In the context of LLM, "encoder-decoder" and "decoder-only" architectures are mainly used for NLP tasks.
One major difference between LLM and traditional non-LLM methods is that they are available in large models but not in small models emergent ability. The term “emergency capabilities” refers to new complex capabilities that arise as LLMs expand in size and complexity. These capabilities enable people to deeply understand and generate natural language, solve problems in various fields without specific training, and adapt to new tasks through contextual learning. In the following, we will introduce several common emergent capabilities within the scope of LLM.
Contextual Learning refers to the ability of LLM to understand and respond to new tasks or queries based on the context provided in the prompts, without the need for explicit retraining or fine-tuning. The landmark papers (GPT-2/GPT-3) demonstrate contextual learning in a multi-shot approach, where the model is given several task examples in a prompt and then asked to process different examples without prior explicit training. State-of-the-art LLMs, such as GPT-4, exhibit extraordinary contextual learning capabilities, understanding complex instructions and performing a wide range of tasks from simple translation to code generation and creative writing, all based on the context provided in the prompts.
Reasoning in LLM, often referred to as the "thinking chain" prompt, involves models that generate intermediate steps or reasoning paths when dealing with complex problems or problems. This approach allows LLM to break down tasks into smaller, manageable parts, thereby promoting a more structured and understandable solution process. To achieve this, training involves datasets that include various problem-solving tasks, logic puzzles, and datasets designed to simulate reasoning under uncertainty. Current state-of-the-art LLMs typically exhibit advanced inference capabilities when model sizes are larger than 60B to 100B parameters.
Instruction compliance refers to the model's ability to understand and execute commands, or the ability to execute instructions specified by the user. This includes parsing the instruction, understanding its intent, and generating an appropriate response or action. Methods used to adapt this ability to new tasks may require instruction adaptation from a data set containing a variety of instructions paired with the correct response or action. Techniques such as supervised learning, reinforcement learning from human feedback, and interactive learning can further improve performance.
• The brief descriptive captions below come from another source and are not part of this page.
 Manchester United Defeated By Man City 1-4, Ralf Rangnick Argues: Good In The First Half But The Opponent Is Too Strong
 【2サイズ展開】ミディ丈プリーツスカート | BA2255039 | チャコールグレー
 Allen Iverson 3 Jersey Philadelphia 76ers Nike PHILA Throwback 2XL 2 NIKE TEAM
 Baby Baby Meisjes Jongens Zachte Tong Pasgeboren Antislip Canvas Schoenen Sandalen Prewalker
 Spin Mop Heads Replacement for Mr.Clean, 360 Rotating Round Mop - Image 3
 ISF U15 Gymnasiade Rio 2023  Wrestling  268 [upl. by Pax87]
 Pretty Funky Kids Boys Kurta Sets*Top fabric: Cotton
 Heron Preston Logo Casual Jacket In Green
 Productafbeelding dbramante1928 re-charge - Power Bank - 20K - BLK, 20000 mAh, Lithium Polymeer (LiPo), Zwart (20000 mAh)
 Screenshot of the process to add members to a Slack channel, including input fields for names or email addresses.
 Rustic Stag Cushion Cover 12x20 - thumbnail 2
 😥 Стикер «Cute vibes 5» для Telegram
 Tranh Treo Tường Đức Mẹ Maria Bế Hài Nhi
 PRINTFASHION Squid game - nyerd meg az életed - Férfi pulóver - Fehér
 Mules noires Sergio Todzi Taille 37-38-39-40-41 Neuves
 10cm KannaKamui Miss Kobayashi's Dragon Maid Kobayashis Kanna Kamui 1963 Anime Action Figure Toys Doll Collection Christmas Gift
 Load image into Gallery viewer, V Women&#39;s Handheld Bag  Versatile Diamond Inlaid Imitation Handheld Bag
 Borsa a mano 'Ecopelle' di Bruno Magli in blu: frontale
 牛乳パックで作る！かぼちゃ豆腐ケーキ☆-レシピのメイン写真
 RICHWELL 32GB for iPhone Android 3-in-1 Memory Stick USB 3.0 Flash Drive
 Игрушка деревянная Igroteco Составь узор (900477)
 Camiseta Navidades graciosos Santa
In the context of 3D LLM, LLM is either used directly in its pre-trained state or fine-tuned to suit new multi-modal tasks . However, fine-tuning the entire parameters of LLM poses significant computational and memory challenges due to the large number of parameters involved. Therefore, parameter effective fine-tuning (PEFT) has become increasingly popular in adapting LLMs to specific tasks by updating only a relatively small subset of model parameters rather than retraining the entire model. The following section lists four common PEFT methods used in LLM.
Low-Rank Adaptation (LoRA) and variants update parameters via a low-rank matrix. Mathematically, the forward pass of LoRA during fine-tuning can be expressed as h=W0x+BAx. W0 is the frozen weight of LLM, while BA is a low-rank matrix parameterized by the newly introduced matrices a and B updated in the fine-tuning stage. This approach has several clear benefits. During the fine-tuning process, only B and A are optimized, significantly reducing the computational overhead associated with gradient calculations and parameter updates. Once fine-tuning is complete and the weights are merged, there is no additional inference cost compared to the original model, as shown in the equation: h = (W0 + BA) x. Furthermore, there is no need to save multiple copies of LLM for different tasks since multiple LoRA instances can be saved, thus reducing the storage footprint.
Layer Freeze: Freeze selected layers of the pre-trained model while updating other layers during training. This typically applies to layers closer to the model input or output, depending on the nature of the task and the model architecture. For example, in the 3D-LLM method, all layers except input and output embeddings can be frozen to mitigate the risk of overfitting on task-specific datasets, retain pre-trained general knowledge and reduce the parameters that need to be optimized.
Prompt Tuning Guides LLM to perform specific tasks by setting the LLM's framework in prompts, adjusting model inputs compared to traditional fine-tuning of adjusting model parameters. Manual cue engineering is the most intuitive method, but it can be difficult for experienced cue tuning engineers to find the best cues. Another set of approaches is automated tip generation and optimization. A popular method is to search for the exact best input prompt text, called a hard prompt, for example. Alternatively, optimization methods can be used to optimize the embedding of hints (soft hints).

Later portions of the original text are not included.